As a young man, Stuart Davis spent time studying in Paris, where he became immersed in and inspired by European modern art, especially Cubism. By 1922, however, he had already declared that his style of art would be “rigorously logical, American, not French. America has had her scientists, her inventors, now she will have her artist.” Davis’s brightly colored and energetic canvases reflect the dynamism of 20th-century American life. The waterfront—from the bustling ports of New York to small boat harbors in New England—was one of his favorite themes. While Cubist tableaux often depict figurative or still life motifs, Davis chose instead to portray a bustling urban landscape comprising pier warehouses, smokestacks, and ship fragments. Additionally, Davis was one of the first visual artists to recognize jazz as a distinct American genre; his compositions relate to its syncopated rhythms and the diverse locations where this music thrived.
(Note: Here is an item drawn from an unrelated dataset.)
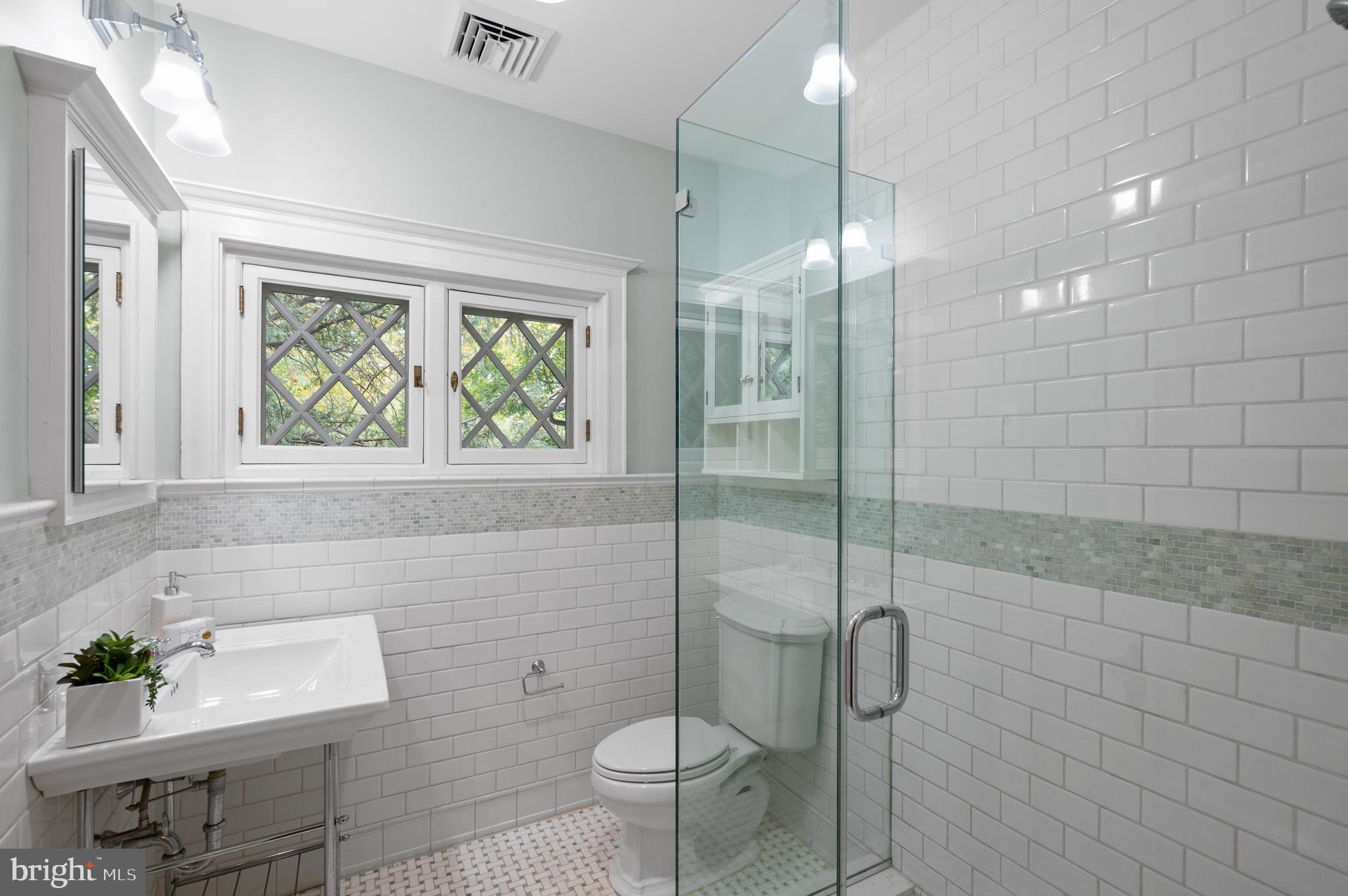 SOUTH WAYNE - Residential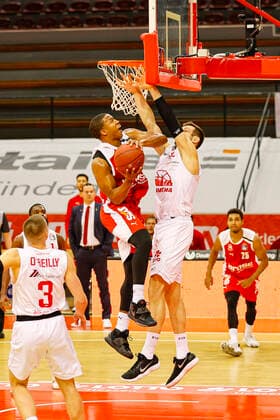 links Devon Hall (Brose Bamberg, 22) rechts 12 Johannes Richter (JobStairs Gießen 46ers) JobStairs Gießen 46ers - Brose Bamberg, easyCredit Basketball Bundesliga, Saison 2020-2021, 5. Spieltag, Gießen, Germany, 06.12.2020, - Copyright: DanielxLöb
The predominate use of red, white, and blue also underscores this work’s undeniable patriotic theme.

In this moderate activity for adults, we'll walk you through how to make an abstracted landscape inspired by Davis's New York Waterfront, 1938.

New York Waterfront

Stuart Davis (American, 1892–1964). New York Waterfront, 1938. Oil on canvas, 22 x 30 1/4 inches (55.9 x 76.8 cm). Collection Albright-Knox Art Gallery, Buffalo, New York; Room of Contemporary Art Fund, 1943 (RCA1943:6). © Estate of Stuart Davis / Licensed by VAGA at Artists Rights Society (ARS), NY

Getting Started

  • What is the focal point of this painting?
  • What shapes and colors does the artist use to create rhythm and repetition?
  • How might an abstracted view of the real world offer a new insight to experiencing the world around us?

Materials

  • A selection of colored paper (construction paper is best, but you can also use magazines, tissue, cardstock etc.)
  • A piece of paper to use as a background
  • Scissors
  • Glue stick
  • Sharpie or black marker pen
  • An image of a cityscape, waterfront, or other type of landscape that appeals to you

Artmaking Activity

1. Select a piece of paper to use as a background. Look at your source image. What are the features that stick out to you? (It might be buildings, trees, boats, etc.) Create some simple shapes that represent these features, cut them out of the construction paper, and lay on the background. Start with larger shapes and layer smaller ones on top.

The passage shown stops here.